The yields in Table 1 will provide growers and agronomists with a framework to relate to. I have used my 26 years of crop yield, rain and soil moisture at the Dundurn farm to check out the yield equations. For the most part, the calculated and actual were within a few bushels per acre. The big error was 2010 with 14 inches of rain from May through July and a big fusarium head blight problem. The calculated yields were low in years when we knew the water table was providing self-irrigation from below and the equations do not take that into account.
Some growers may have very good yield and May, June and July rain records, and can do some calculations based on their own data. That would be the best.
The “Rain 10 inches” column drives home the statement I have often made — 10 inches of rain makes us all good farmers. Here’s to 10 inches of rain to all of you for the 2022 crop.

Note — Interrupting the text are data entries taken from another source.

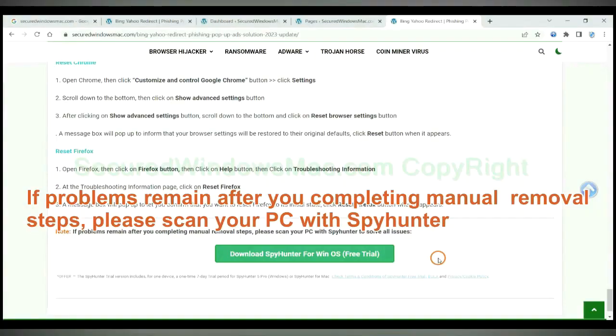If problems remain after you completing manual removal steps, please scan your PC with SpyHunter.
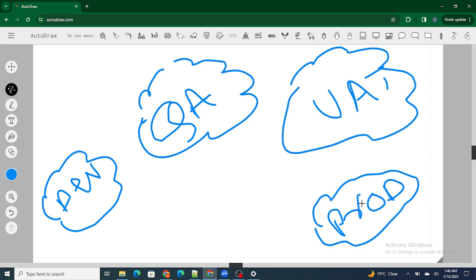Once UAT has been passed, next is the production environment, where actual end users use the system. For example, if I build a functionality for a fast food chain like Domino's or McDonald's, I deploy the system to their production environment. Their customers — the normal people placing orders — are actually going to use this system. That's what production, or going live, means.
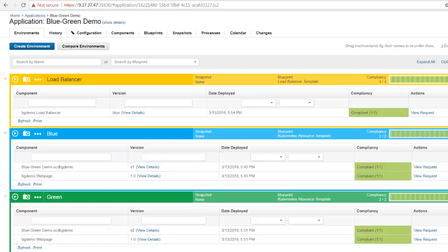Let's say the staging and testing is complete of version v2. Let's point the load balancer to the green environment.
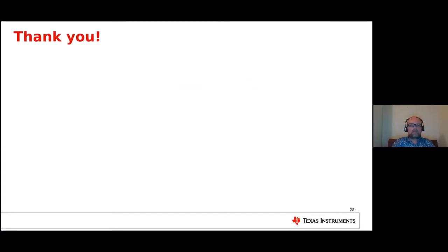That's the last slide in my presentation. Thanks everyone, and I believe there's going to be a Q&A session after this. See you next time.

Climate change and crop yields
If we listen to the Intergovernmental Panel on Climate Change (IPCC) and Environment and Climate Change Canada (ECCC), we are going to have more droughts and more heat and must adapt to what they project (not predict) to be the new normal. The projections are all based on complicated mathematical models, not facts.
The big heat and drought of 2021 was touted as being more evidence of the effects of climate change. However, the 2021 experience is weather not climate. I repeat — weather is the month-to-month and year-to-year variations in temperature and precipitation we experience. Climate is the 30-year average.
Below is a graph showing the 30-year moving average precipitation for Swift Current, Sask. As plotted, 1915 is the average of 1886-1915 and 2020 is the average of 1991-2020.

The early years of farming were the glory years. The Palliser Triangle was taken to be not fit for farming based on 1858-60 observations. When my grandfather Jerome Henry arrived in 1906, he and thousands of others harvested good yields of wheat. Rain follows the plough was how it was all rationalized at that time. Hogwash. Mother Nature was just doing her thing. Climate change was happening as it always had and recent climate change has been much to our advantage.
From 1940-90, the average rain in the main period of crop growth was six inches. Here, 1990-2020 have been the glory years again. On a climate basis, the rainfall in the critical months has increased and the temperature has decreased, resulting in an increase in water use efficiency. Our farming methods have complemented the yields, but without the increased rainfall we would not fare as well.
Not long ago, canola was a black soil zone crop. Swift Current is in the brown soil zone. The average canola yield in the RM of Swift Current No. 137 for 2010-20 was 38 bushels per acre (Sask Ag website).
Some final words
In 1991 at the University of Saskatchewan, we published a wall map of the “Soil Climatic Zones of Southern Saskatchewan.” The zones established were named dry brown, brown, dark brown, moist dark brown, black, moist black and grey. The objective was to use those zones to increase the accuracy of nitrogen fertilizer recommendations. By that time, the water-nitrogen interaction was well documented. The back of that map explained how it was all done and showed the average annual precipitation and temperature data for the 192 Environment and Climate (now ECCC) stations in Saskatchewan — most of them in the ag area.
Having gone through the exercise of putting this piece together, I have concluded it is past due the time to do an update of climate data.
By now, there should be better and more up-to-date data, but that is just not the case — particularly for precipitation. Over the past decade, I have been slowly assembling temperature data and it clearly shows in the critical growing months temperatures are lower. September temperature is higher, so that extends the frost-free period but not the prime growing period. We now have enough stations to be credible.
Access to precipitation data has taken a giant step backward.

Directly above this paragraph is a screen capture of a graph from the ECCC website. AHCCD is an abbreviation for Adjusted and Homogenized Canadian Climate Data.
The climate crisis is not that we will fry out — it is a crisis in availability of actual climate data, especially for the critical precipitation variable.